[Start of section]
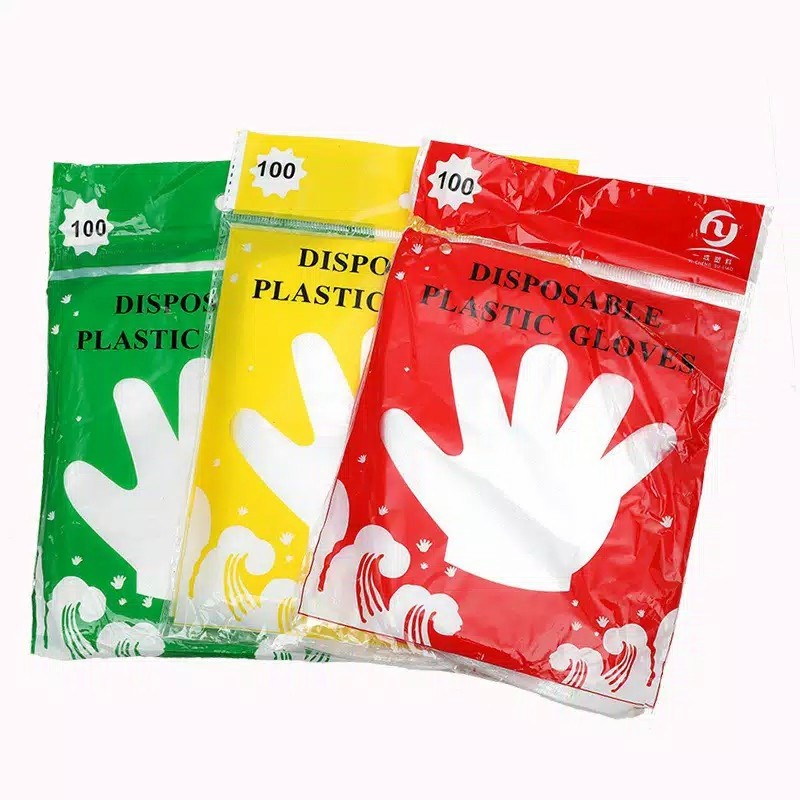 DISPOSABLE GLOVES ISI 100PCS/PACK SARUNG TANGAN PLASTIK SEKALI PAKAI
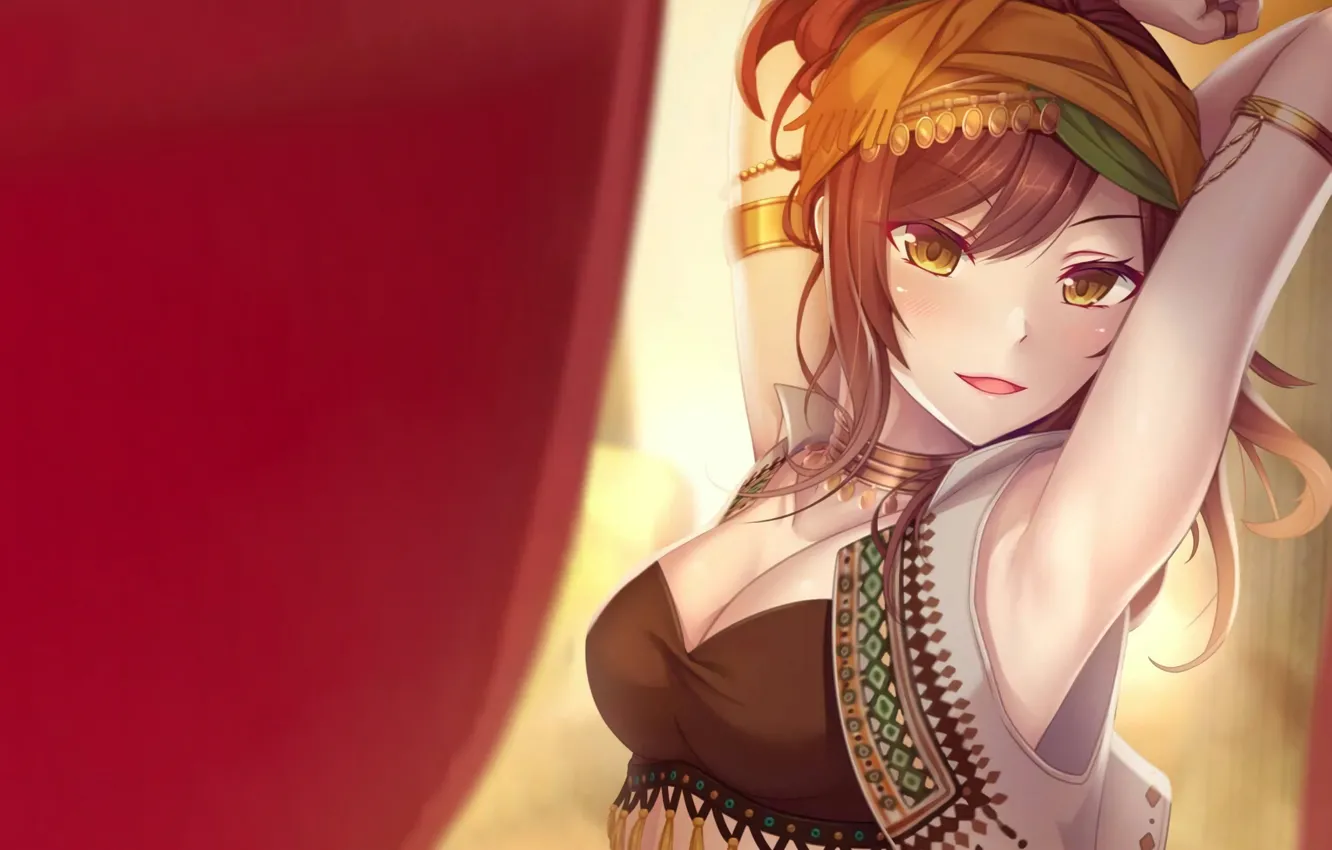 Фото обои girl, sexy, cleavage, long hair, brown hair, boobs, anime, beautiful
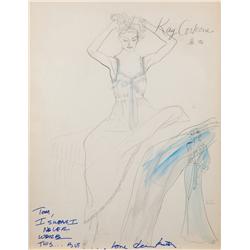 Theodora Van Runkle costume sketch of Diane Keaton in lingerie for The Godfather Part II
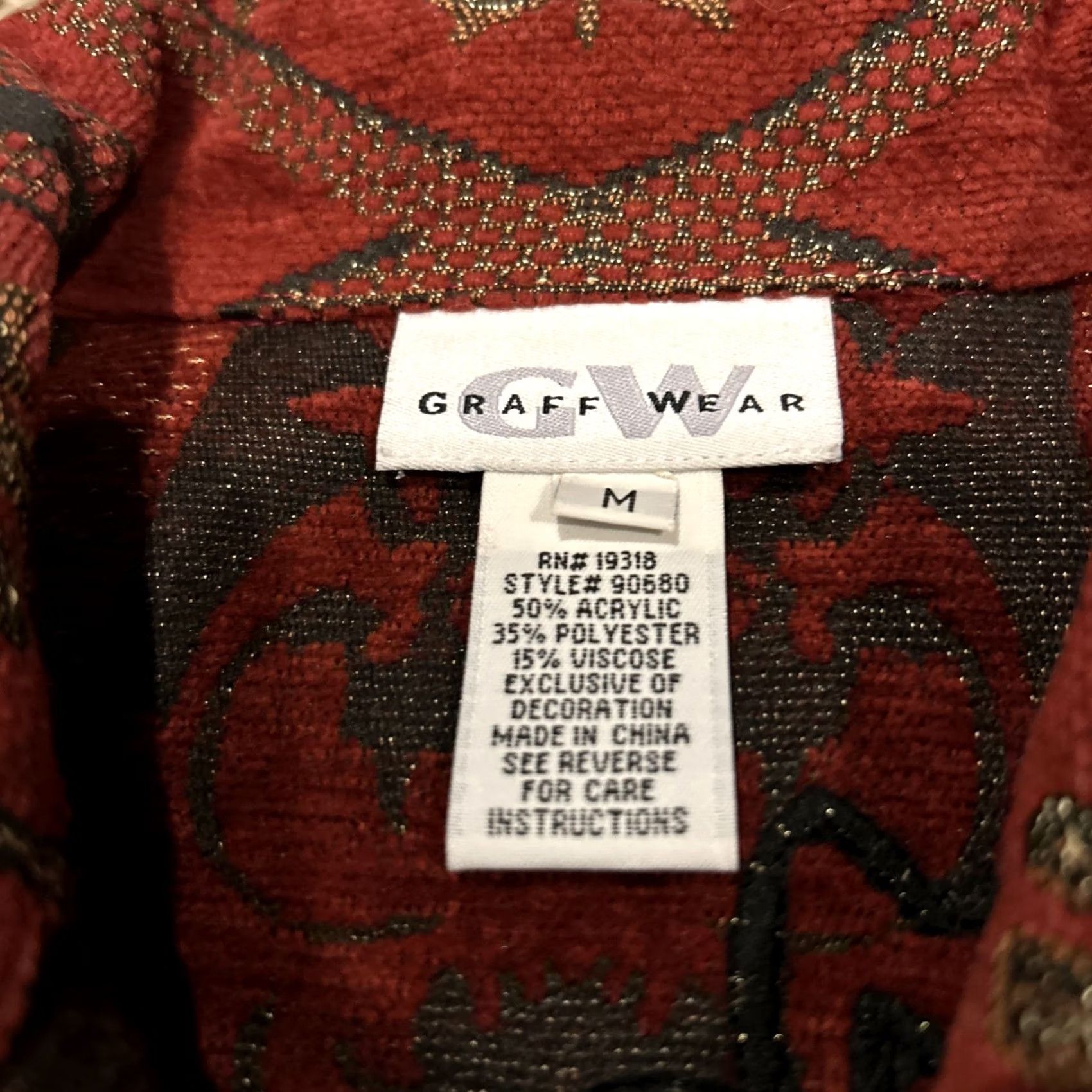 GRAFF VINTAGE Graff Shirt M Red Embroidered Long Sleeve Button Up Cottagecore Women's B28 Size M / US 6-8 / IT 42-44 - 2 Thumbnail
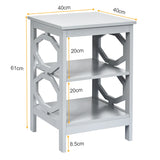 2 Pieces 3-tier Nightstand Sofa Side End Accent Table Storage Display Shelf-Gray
[End of section]
[Start of section]
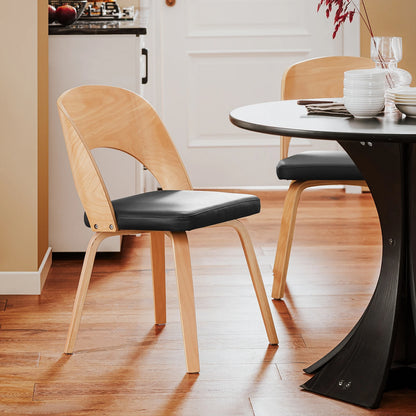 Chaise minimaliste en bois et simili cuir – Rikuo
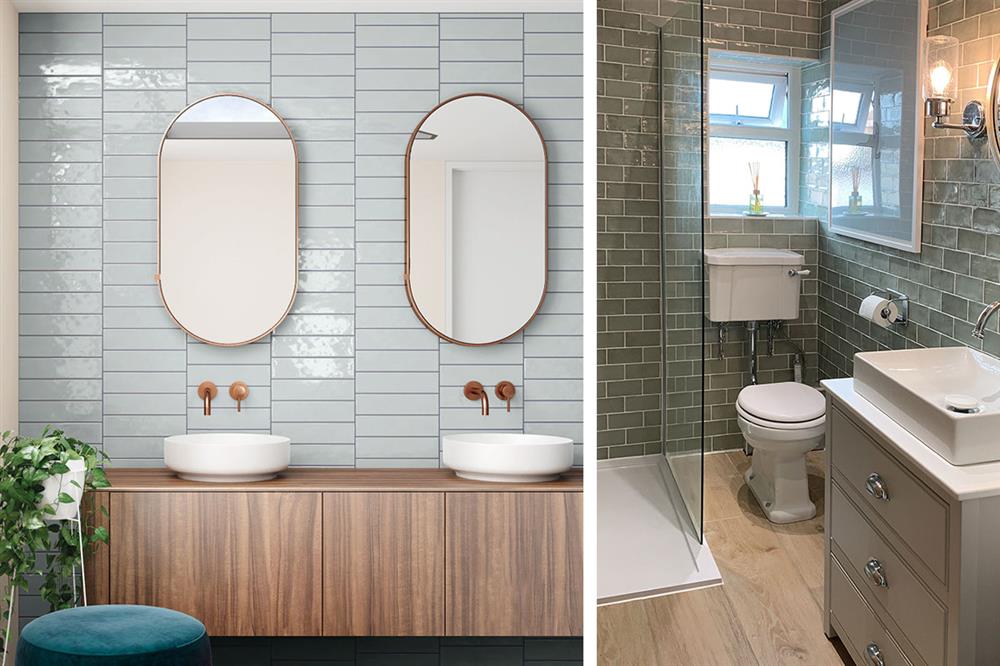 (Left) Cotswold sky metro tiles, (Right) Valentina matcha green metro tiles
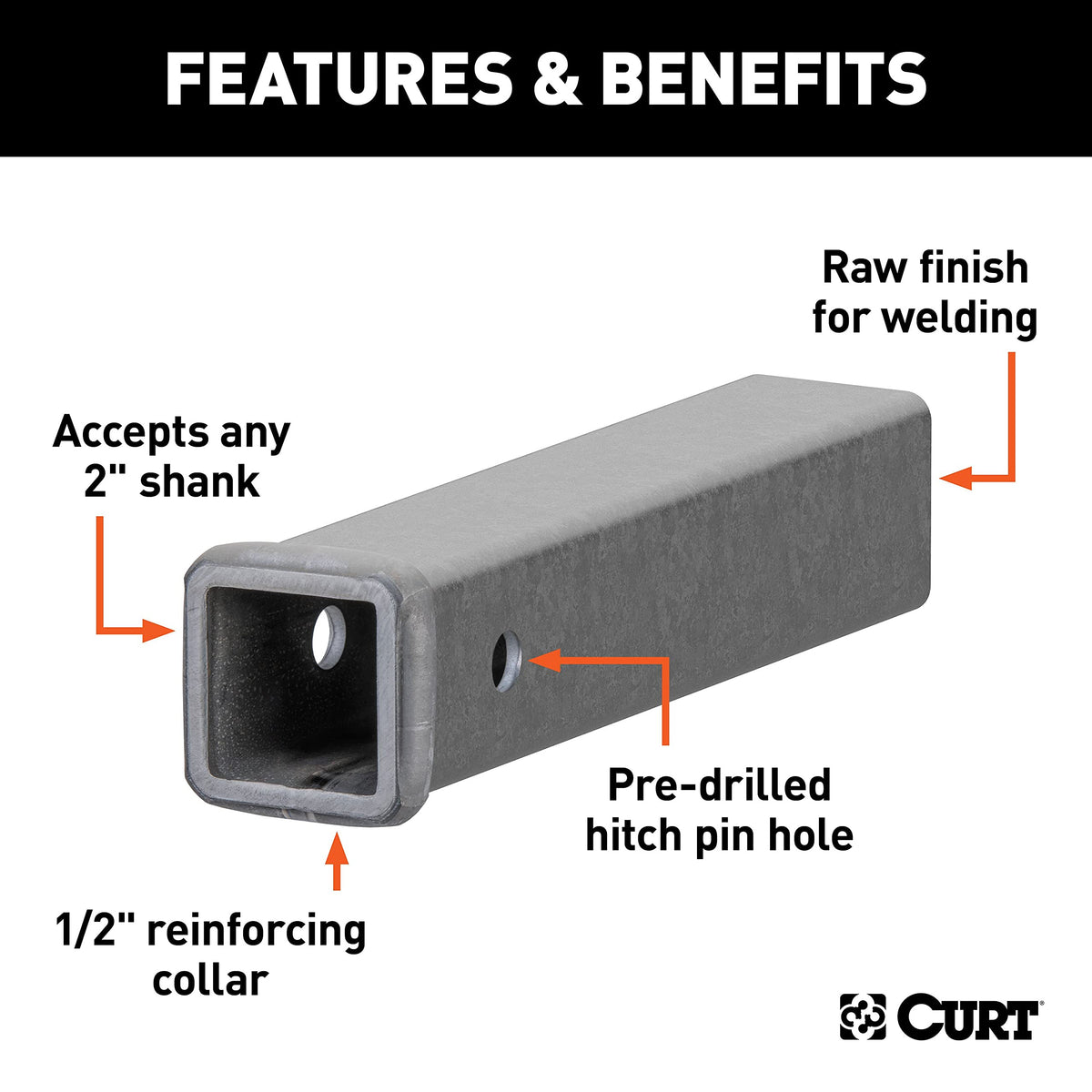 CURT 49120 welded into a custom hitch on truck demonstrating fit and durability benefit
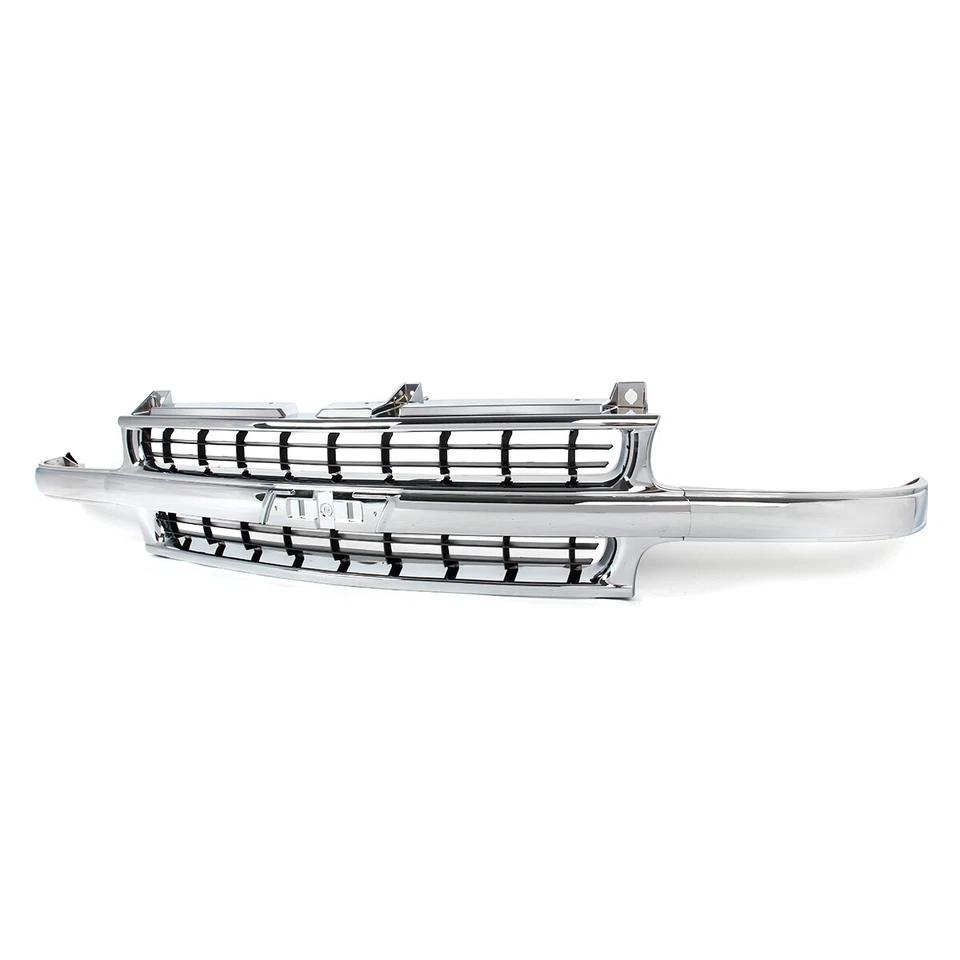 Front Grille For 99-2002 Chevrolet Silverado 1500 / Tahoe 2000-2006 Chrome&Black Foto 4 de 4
[End of section]
[Start of section]
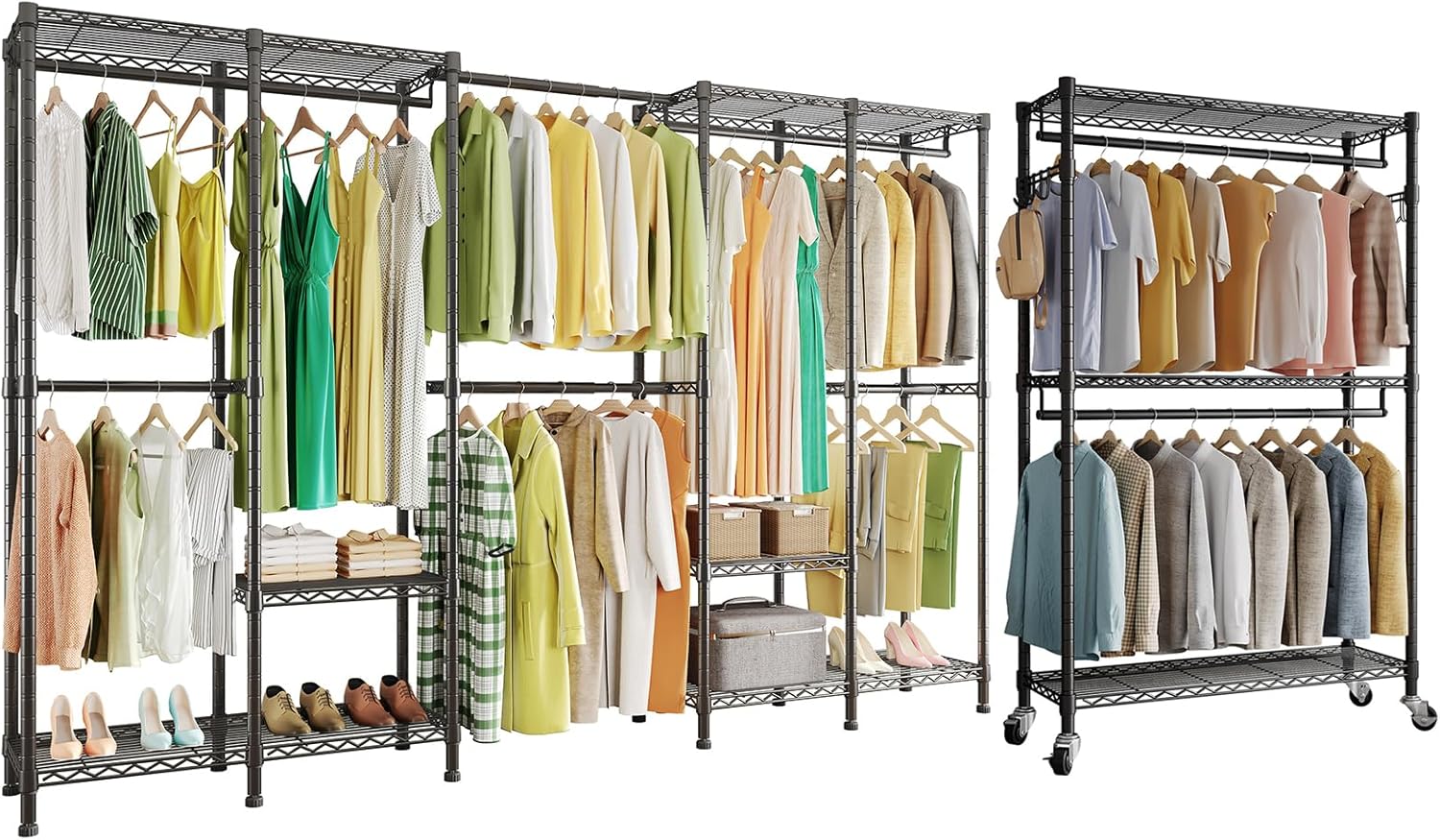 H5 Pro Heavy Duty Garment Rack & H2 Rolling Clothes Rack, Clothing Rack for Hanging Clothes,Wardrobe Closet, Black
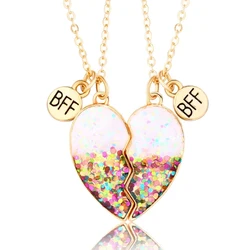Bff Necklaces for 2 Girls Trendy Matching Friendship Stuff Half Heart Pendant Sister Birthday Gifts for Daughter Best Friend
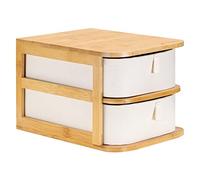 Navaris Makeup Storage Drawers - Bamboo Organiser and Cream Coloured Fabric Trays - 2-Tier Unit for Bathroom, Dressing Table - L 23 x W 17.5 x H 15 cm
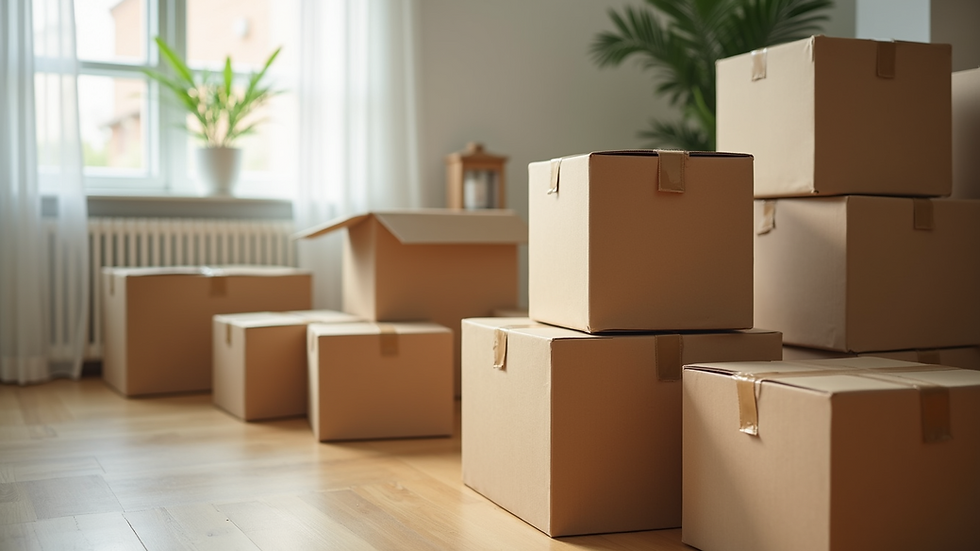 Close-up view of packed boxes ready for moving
[End of section]
Exercise description:
Look above for the line with "DISPOSABLE GLOVES ISI" and the line with "GRAFF VINTAGE Graff", then copy exactly the lines from the first through the second, both kept, with no pictures.

Your response:
 DISPOSABLE GLOVES ISI 100PCS/PACK SARUNG TANGAN PLASTIK SEKALI PAKAI
 Фото обои girl, sexy, cleavage, long hair, brown hair, boobs, anime, beautiful
 Theodora Van Runkle costume sketch of Diane Keaton in lingerie for The Godfather Part II
 GRAFF VINTAGE Graff Shirt M Red Embroidered Long Sleeve Button Up Cottagecore Women's B28 Size M / US 6-8 / IT 42-44 - 2 Thumbnail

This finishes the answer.